Bruno Zevi e l’America Latina in Cronache di Architettura

04 Pubblicazione in atti di convegno
Argenti M., Sarno F.

Come un diario, nel quale attraverso una narrazione libera si annota la propria storia, riportando la propria lettura degli eventi e le proprie impressioni, così le Cronache di Bruno Zevi ci restituiscono il racconto dell’architettura di un’epoca secondo il punto di vista dell’autore. Questa personalissima e puntuale registrazione si protrae ininterrotta per quasi mezzo secolo, a partire dal 1954, quando su “Cronache della politica e del costume”, e dall’anno successivo sull’“Espresso”, Zevi inizia a tenere una rubrica settimanale con la quale, trattandola al pari di altre arti, avvicina l’architettura all’opinione pubblica.
Una consistente raccolta di questo diario-documentario che si allarga all’urbanistica, al restauro, alle mostre, ai concorsi, e alla politica urbana, viene pubblicata per la prima volta insieme nel 1971 col titolo Cronache di Architettura.

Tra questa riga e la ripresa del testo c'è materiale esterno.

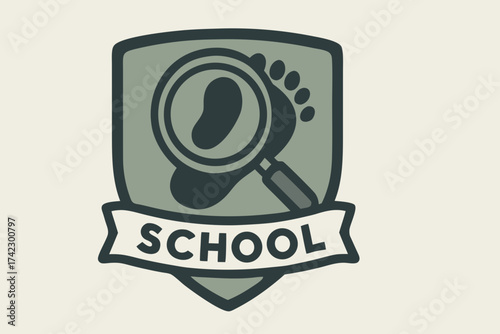Detective school emblem with a magnifying glass examining a footprint on a green shield and a banner.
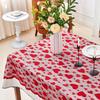 Valentine Tablecloth Table Flag Placemat Set Red Lace European American Style Party Home Decoration Festival Dinner Decorating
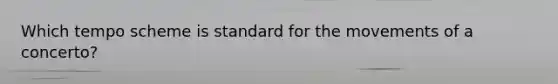 Which tempo scheme is standard for the movements of a concerto?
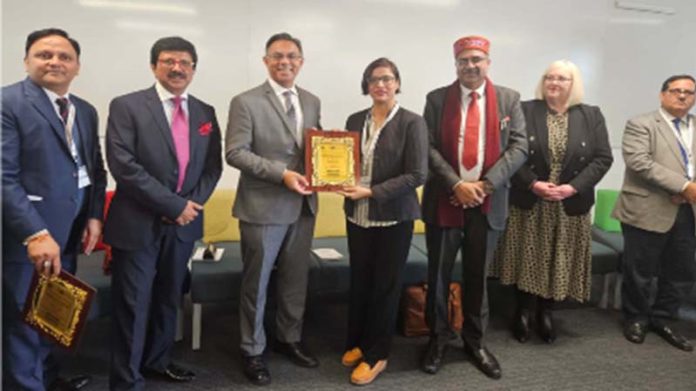 Dr Bharti Gupta posing along with others during a programme held at University of Wolverhampton in UK.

I numerosi volumi sono intrisi di quella critica militante che tanto ha caratterizzato l’approccio di Zevi all’architettura, quale fenomeno culturale da leggere e comprendere, da approvare, contestare, denunciare.
Il suo attento spirito critico travalica più volte l’Oceano per raggiungere l’America Latina: lì si sofferma sul panorama offerto, tanto sulle architetture più significative e di richiamo internazionale, quanto su quelle minori, alcune ancora oggi poco note.

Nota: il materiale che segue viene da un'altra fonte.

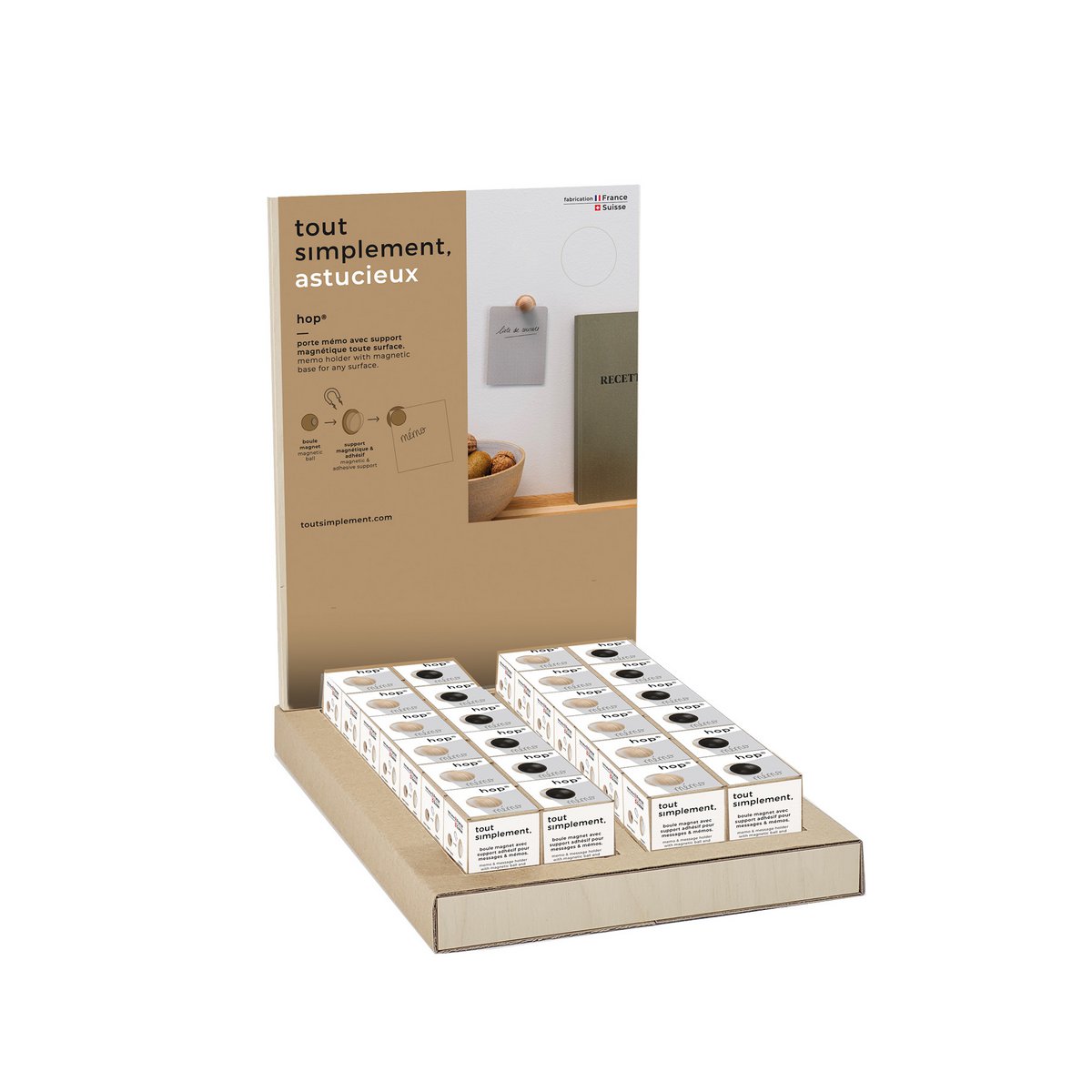 Présentoir plein de 48 porte mémos hop®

Il viaggio sfiora Paraguay, Perù, Colombia, per spingersi in Paesi quali Messico, Venezuela, Argentina e Brasile; lo stile tagliente e incisivo di Zevi offre riflessioni sulla città, in particolare su Brasília, e naturalmente su singole opere, da quelle di Luis Barragán a quelle di Carlos Raúl Villanueva o di Oscar Niemeyer.

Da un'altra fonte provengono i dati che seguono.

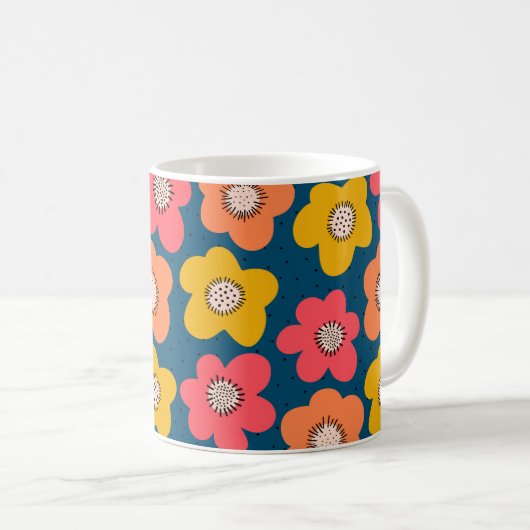 Mug Motif de fleurs sans couture. Flores audacieuses s (Devant droit)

Questo sguardo, allora innovatore e ancora stimolante, merita oggi una rilettura: si intende così riflettere sul contesto architettonico che ha contraddistinto la seconda metà del Novecento in America Latina e su come questo contesto sia stato raccontato e rappresentato in Italia, attraverso gli scritti di uno dei maggiori storici dell’architettura, che, anche quando non condivise alcuni percorsi o criticò alcune opere, seppe sempre cogliere in esse la novità del tempo.